Paranoider Pointenjäger

Michael Mittermeiergastierte in der Stadthalle, Karlsruhe, 26.2.2005

Die Intromusik ist setzt hohe Maßstäbe: „Paranoid“ von Black Sabbath. Kränker geht es halt nur schwer. Wer gegen Ozzy Osbournes finales Statement zum Irresein anstinken will, hat schon fast verloren. Das ahnt Mittermeier, der beileibe kein Irrer ist, sondern vor allem ein guter Hand- und Mundwerker. Da kann er noch so sehr affenähnliche „silly walks“ durchprobieren, Glubschaugen- und Glubschmünder, ganze Glubschkörper auf die Bühne bringen. Er ist der Mittermeier aus Bayern. Sympathisch, harmlos. Manchmal gut. Er ballt Fäustchen, streckt Finger raus, zeigt viel in die Luft. Und macht viele Geräusche, wie man sie aus Sprechblasen kennt, nur lauter. Gestik und Mimik und Geräusch, so vielfältig sie aufs erste wirken mögen, sind doch reduziert auf das, was man auch von weit hinten im großen Saal noch deuten kann. Das ist legitim, aber nicht eben subtil.

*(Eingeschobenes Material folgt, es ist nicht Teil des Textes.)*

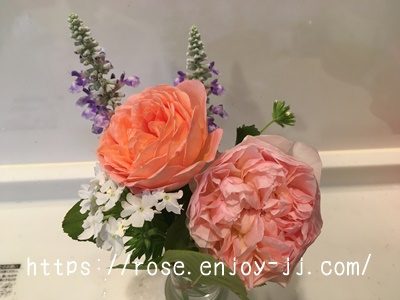 ボスコベル エブリン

Aber jetzt zu etwas ganz anderem, Mittermeier, dem angeblich „politischer“ gewordenen: Wo ist denn nun das, was den Titel des Programms rechtfertigt? Beiläufige Fragen, ob man George Bush möge oder der Papst noch lebt, scheinen zum Standardrepertoire zu gehören. Das muss wohl erst mal raus, um sich der Berechtigung der eigenen Bühnen-Existenz zu versichern. Vielleicht leben wir ja tatsächlich in einer Zeit, in der politische Zumutungen nur noch mit grobem Hackebeil ins lachen aufgelöst werden können? Mayer-Vorfelder wird zitiert: „Wenn Ihr mich loshaben wollt, müsst ihr mich erschießen“. Und Mittermeier antwortet: „Wo ist das Problem“. Mittermeiers Gags (bei Comedy-Stars darf man doch von Gags sprechen, oder?) sind zu einem Gutteil so voraussehbar wie des Kritikers Erstaunen darüber, dass eben immer noch immer wieder und immer bestens aufgenommen Sätze gesagt werden wie: „Das Auge wählt mit“. Na? Einmal dürfen Sie raten, welche CDU-Bundesvorsitzende damit gemeint ist. Wenn er zitiert, dass es verboten ist „halbtote, verwundete Menschen“ öffentlich im Fernsehen vorzuführen, dann meint er selbstredend den Musikantenstadl. Ach, was haben wir gelacht.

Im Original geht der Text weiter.